TASK INSTRUCTIONS:
Extract the records in full, leaving every picture out.

(Beginning of DATA RECORDS)

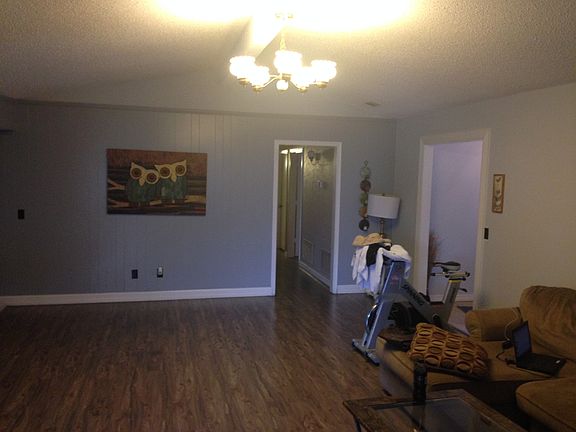 3rd image of 1001 Valley Creek Dr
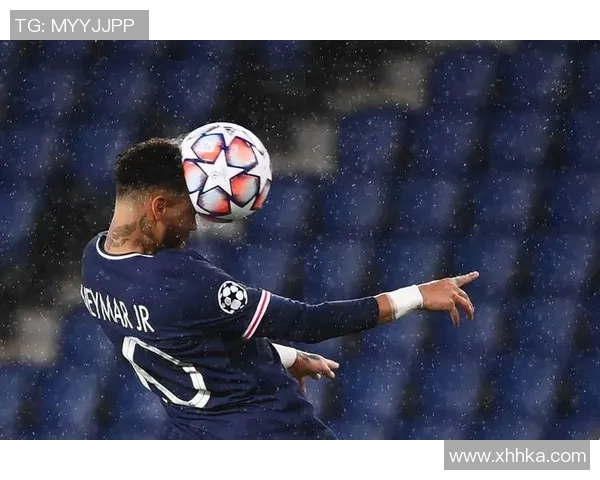 巴黎圣日耳曼击败里尔夺得法甲冠军，内马尔独中四元帽子戏法闪耀巴黎城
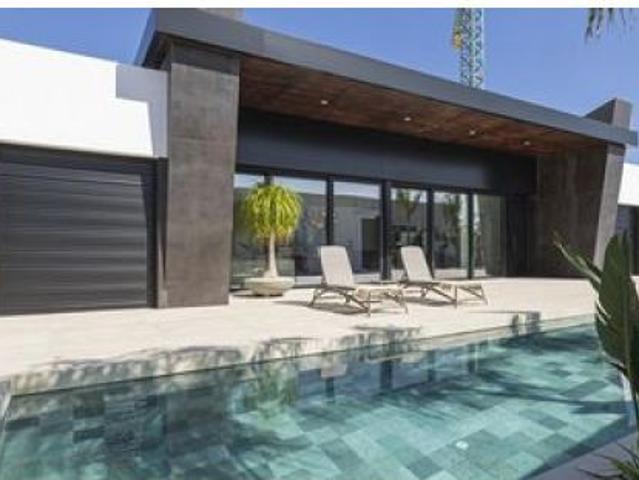 villa en Venta en Rojales. ETRV T9861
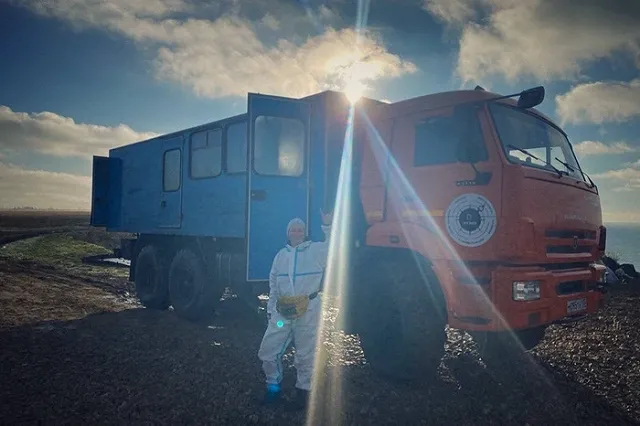 Многодетная мама из Екатеринбурга уехала в Анапу спасать животных от мазута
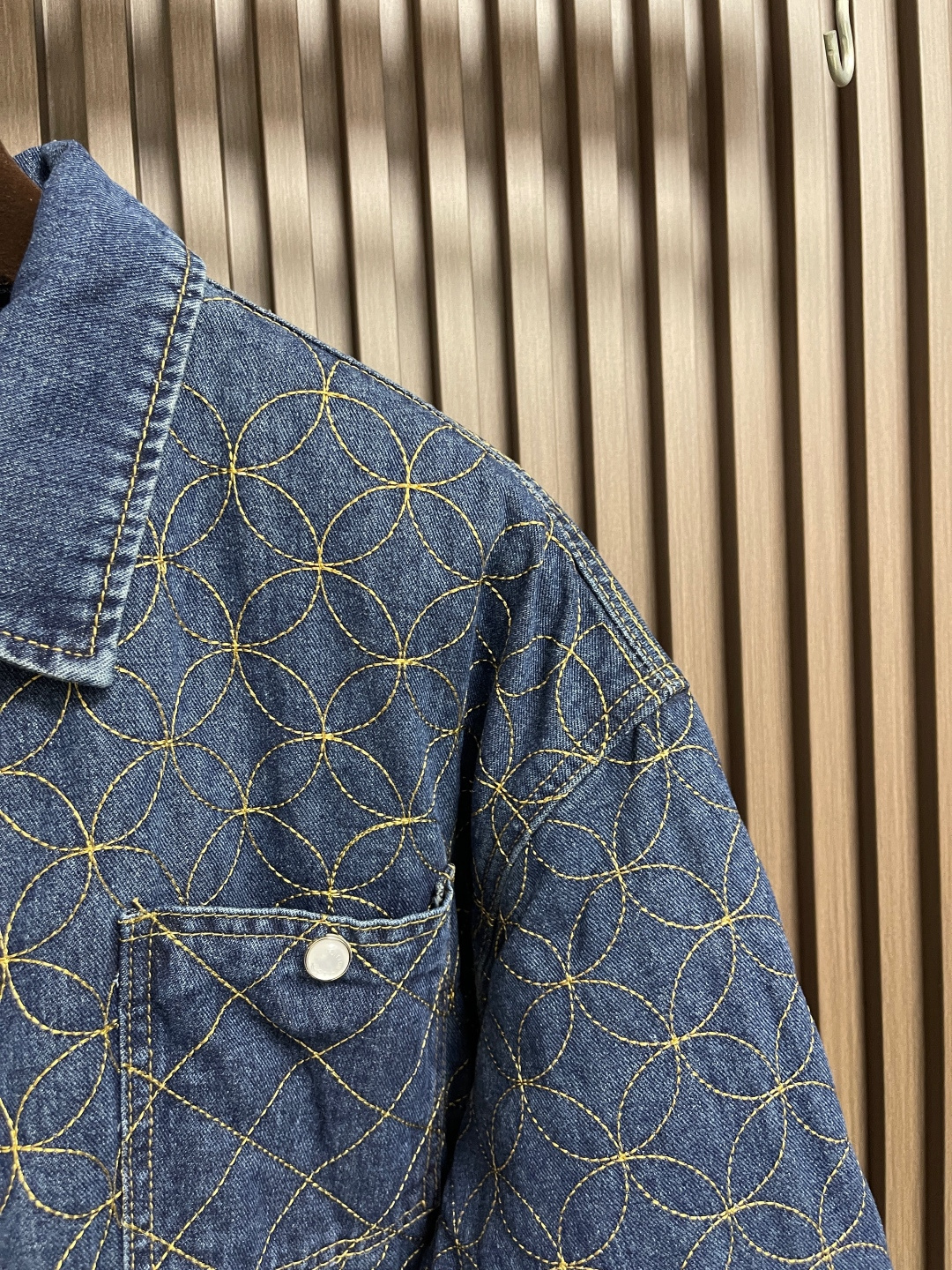 🛒🛒LV x NIGO 牛仔棉服夹克外套，出自Pharrell和Nigo在2025秋冬系列的合作之作，展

(End of DATA RECORDS)

OUTPUT FOR THIS TASK:
 3rd image of 1001 Valley Creek Dr
 巴黎圣日耳曼击败里尔夺得法甲冠军，内马尔独中四元帽子戏法闪耀巴黎城
 villa en Venta en Rojales. ETRV T9861
 Многодетная мама из Екатеринбурга уехала в Анапу спасать животных от мазута
 🛒🛒LV x NIGO 牛仔棉服夹克外套，出自Pharrell和Nigo在2025秋冬系列的合作之作，展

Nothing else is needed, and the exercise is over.